#### Problem to work on
Please, could you print all the lines below exactly, leaving out the pictures?

#### Data shown

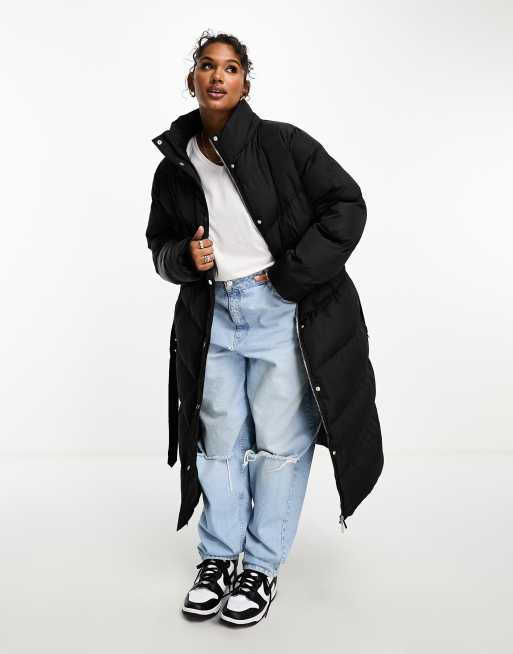 Threadbare Plus Holly belted waist maxi puffer coat in black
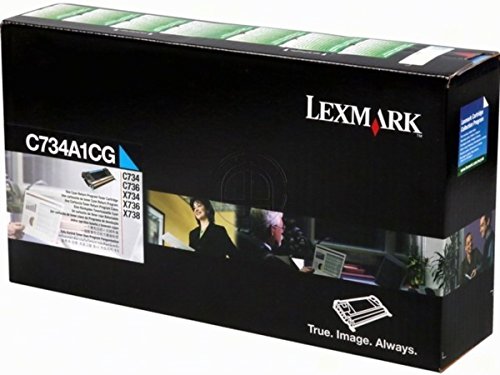 Toner cyan Lexmark Optra C 734 DN C734A1CG cartouche impression couleur 6000 pages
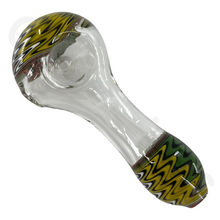 Load image into Gallery viewer, 4 Inch Colorful Swirl Style Heady Spoon Hand Pipes | Matchable Head & Mouth Pattern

#### Finished exercise
 Threadbare Plus Holly belted waist maxi puffer coat in black
 Toner cyan Lexmark Optra C 734 DN C734A1CG cartouche impression couleur 6000 pages
 Load image into Gallery viewer, 4 Inch Colorful Swirl Style Heady Spoon Hand Pipes | Matchable Head & Mouth Pattern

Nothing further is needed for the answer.